ECLI:NL:RVS:2014:4811
Raad van State
- Hoger beroep
- H.G. Lubberdink
- Rechtspraak.nl
Niet-ontvankelijkheid van hoger beroep inzake afwijzing verblijfsvergunning asiel
In deze zaak heeft de Raad van State op 24 januari 2014 uitspraak gedaan in het hoger beroep van een vreemdeling tegen de afwijzing van zijn aanvraag voor een verblijfsvergunning asiel. De staatssecretaris van Veiligheid en Justitie had op 31 mei 2013 de aanvraag van de vreemdeling afgewezen. De vreemdeling had hiertegen beroep ingesteld bij de voorzieningenrechter van de rechtbank Den Haag, die op 18 juni 2013 het beroep ongegrond verklaarde. De vreemdeling ging in hoger beroep tegen deze uitspraak.
De Raad van State overwoog dat de vreemdeling geen belang had bij de beoordeling van zijn hoger beroep, omdat er een inreisverbod tegen hem was uitgevaardigd op 13 december 2012. Dit inreisverbod had de rechtsgevolgen zoals bedoeld in artikel 66a, zevende lid, van de Vreemdelingenwet 2000. De Raad stelde vast dat zolang dit inreisverbod voortduurt, de vreemdeling geen kans maakt op een verblijfsvergunning, ongeacht de uitkomst van het hoger beroep.
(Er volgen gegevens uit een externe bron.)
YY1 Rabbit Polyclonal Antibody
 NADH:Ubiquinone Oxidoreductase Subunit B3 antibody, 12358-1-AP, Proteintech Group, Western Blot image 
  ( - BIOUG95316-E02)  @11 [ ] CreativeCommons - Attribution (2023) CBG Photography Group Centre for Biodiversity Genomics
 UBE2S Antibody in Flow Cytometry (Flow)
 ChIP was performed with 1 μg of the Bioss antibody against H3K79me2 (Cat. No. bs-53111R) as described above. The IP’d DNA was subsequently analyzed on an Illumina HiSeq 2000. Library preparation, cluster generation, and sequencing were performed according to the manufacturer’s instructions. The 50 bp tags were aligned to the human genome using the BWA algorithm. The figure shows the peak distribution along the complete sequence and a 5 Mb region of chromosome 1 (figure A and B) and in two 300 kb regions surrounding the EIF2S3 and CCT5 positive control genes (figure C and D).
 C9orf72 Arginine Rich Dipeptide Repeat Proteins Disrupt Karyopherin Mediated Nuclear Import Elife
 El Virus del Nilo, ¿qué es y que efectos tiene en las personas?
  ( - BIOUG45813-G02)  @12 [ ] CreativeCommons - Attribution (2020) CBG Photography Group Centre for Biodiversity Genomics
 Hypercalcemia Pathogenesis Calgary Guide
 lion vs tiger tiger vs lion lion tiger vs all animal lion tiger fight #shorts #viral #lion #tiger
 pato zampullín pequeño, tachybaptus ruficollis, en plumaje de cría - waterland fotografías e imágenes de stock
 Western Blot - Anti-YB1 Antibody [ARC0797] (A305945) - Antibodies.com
De rechtbank had eerder al geoordeeld dat het inreisverbod in rechte onaantastbaar was geworden, omdat daartegen geen hoger beroep was ingesteld.
Daarom concludeerde de Raad van State dat het hoger beroep van de vreemdeling kennelijk niet-ontvankelijk was. De Raad besloot dat er geen aanleiding was voor een proceskostenveroordeling. De uitspraak werd gedaan door mr. H.G. Lubberdink, lid van de enkelvoudige kamer, in tegenwoordigheid van mr. M. Klinkers, ambtenaar van staat. De uitspraak werd openbaar gemaakt op 24 januari 2014.